You don’t have to be IN Canada to be subject to Canada’s new anti-spam legislation (Bill C28), which is going into effect one month from now, on July 1, 2014.
The bill includes a “private right of action that will allow Canadian consumers and businesses to take civil action against those who violate the legislation”. The CRTC may levy fines of up to $1 million for an individual or $10 million for a business that contravenes the Act. Each violation will result in a fine.
Here is a FAQ on the Canadian government website that will answer any questions you have regarding how to deal with Canadian clients in the future.
- What is spam?
- What is the intent of the new law?
- What do you mean by “related online threats”?
- How big a problem is spam in Canada?
- What can individuals and businesses do to protect themselves against spam and related online threats?
- How long will it take before Canadians can expect to see a real difference in the amount of spam received?
- Will the new law eliminate spam in Canada? If not, by how much will it be reduced?
- Has anti-spam law been effective in other countries?
- I’m a legitimate business owner who uses bulk email to reach my customers. How will I be affected by these new anti-spam measures?
- What about text messages or “cellphone spam”? Is it covered?

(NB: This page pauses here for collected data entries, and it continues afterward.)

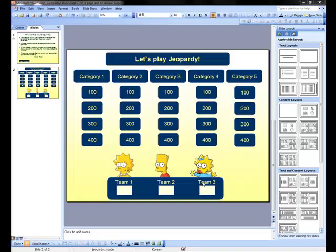Now that you've created your scoreboard page and your instructions page, you need to create an answer and a question page. Remember in Jeopardy, participants are provided with an answer and they must respond with a question.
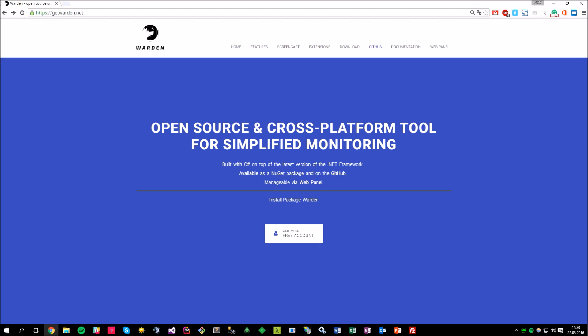Also take a look at the getwarden.net website where you can find a list of features and links to the GitHub repository and the documentation. The Warden webpanel is part of the Warden solution available as an open source repository, which means that you can run it directly on your localhost. Just clone the GitHub repository and run the Warden web project.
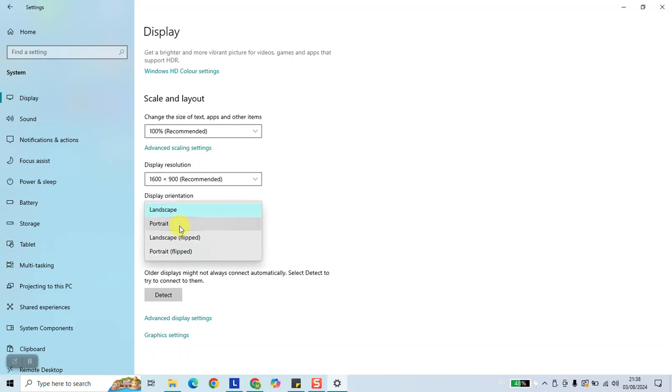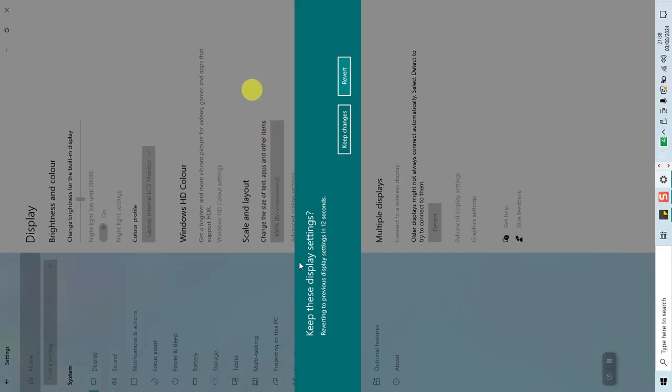Choose the one which suits you. You have Portrait, which will look like this. And you can always click Revert to go back to the initial stage.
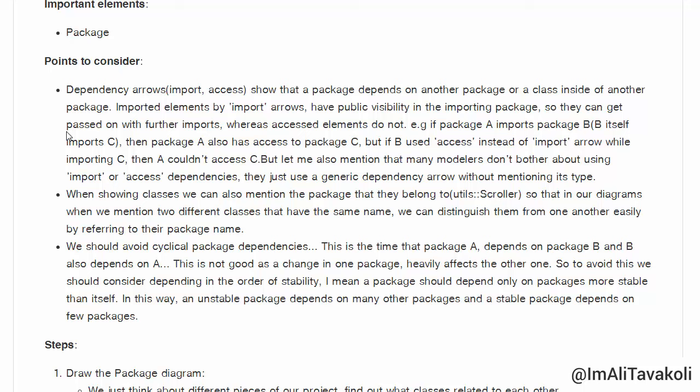Let's put this in an example: imagine we have three packages A, B, and C. A imports B, and B imports C. Now if B uses the access arrow instead of the import arrow while importing C, then A cannot access the C package. But if B used the import arrow while importing C, then A could also access the C package even though it didn't import it directly.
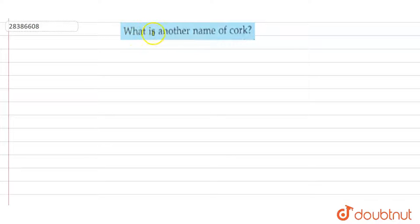Hello students. The question is: what is another name of cork? What is the second name of cork?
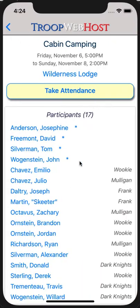Not all users are authorized to take attendance. If you do not see a Take Attendance button, you may not be authorized to take attendance. Also, if you or someone else has already finalized attendance for this event, you will not see the Take Attendance button.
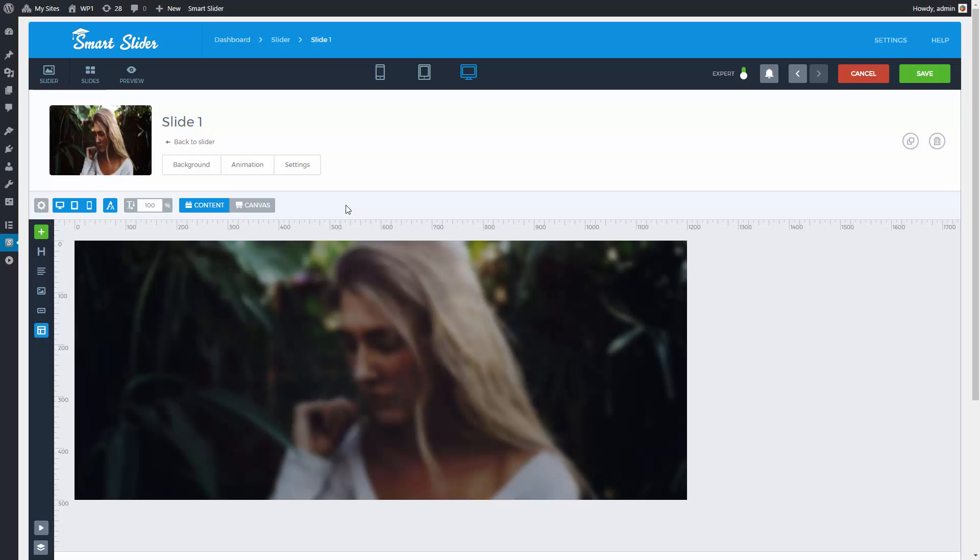Hey, this is Peter from NextonWeb and in this short video I'm gonna show you the basic steps of slide editing. Make sure that you are in content mode.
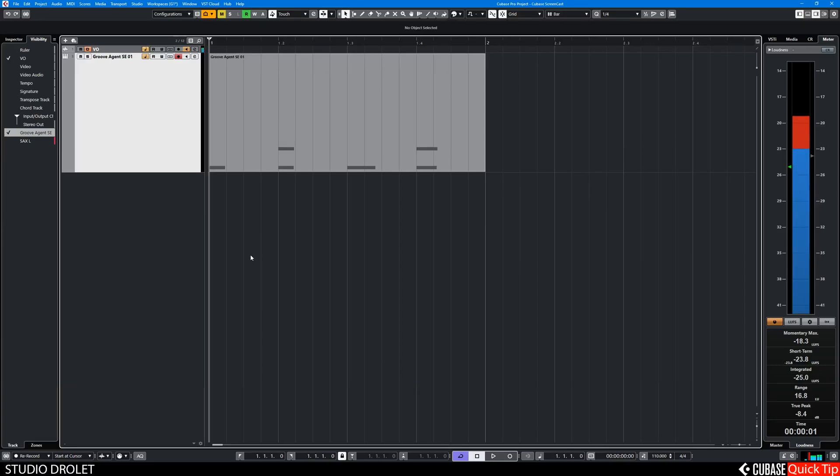Hi, this is a Cubase quick tip video on how to use the MIDI in-place editor.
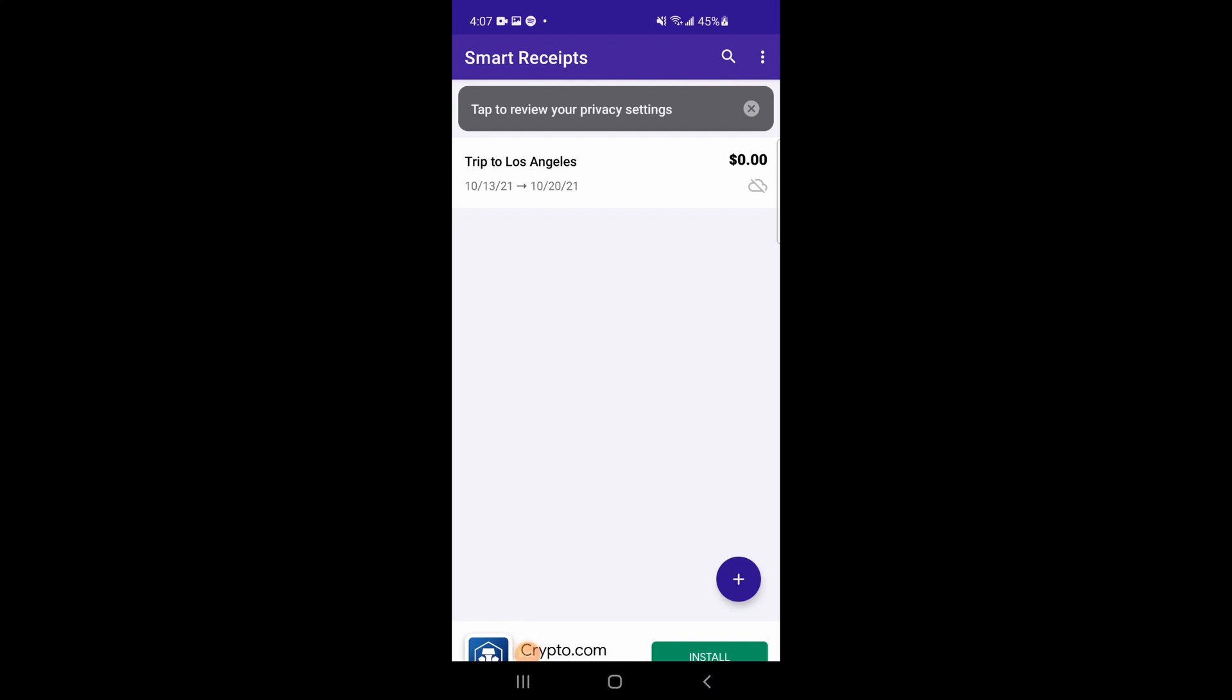Thanks for downloading Smart Receipts, and welcome back to our video series. This is the second video, so if you are new to the app, be sure to go to the first video in our series before watching this one. In this video, we will cover adding receipts to the expense report we created in the last video.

- What if I buy email lists? How will I be affected by these measures?
- Are there exceptions, such as the Do Not Call list for political parties and charities?
Get all answers to those questions here.
Basically, the message is simple – do NOT spam if you care about your online business.
Use a reputable company such as Aweber and have visitors to your website sign-up to an email list with options to opt-out whenever they want.
Remember, anyone who doesn’t want to be on your list is not someone you WANT on your list.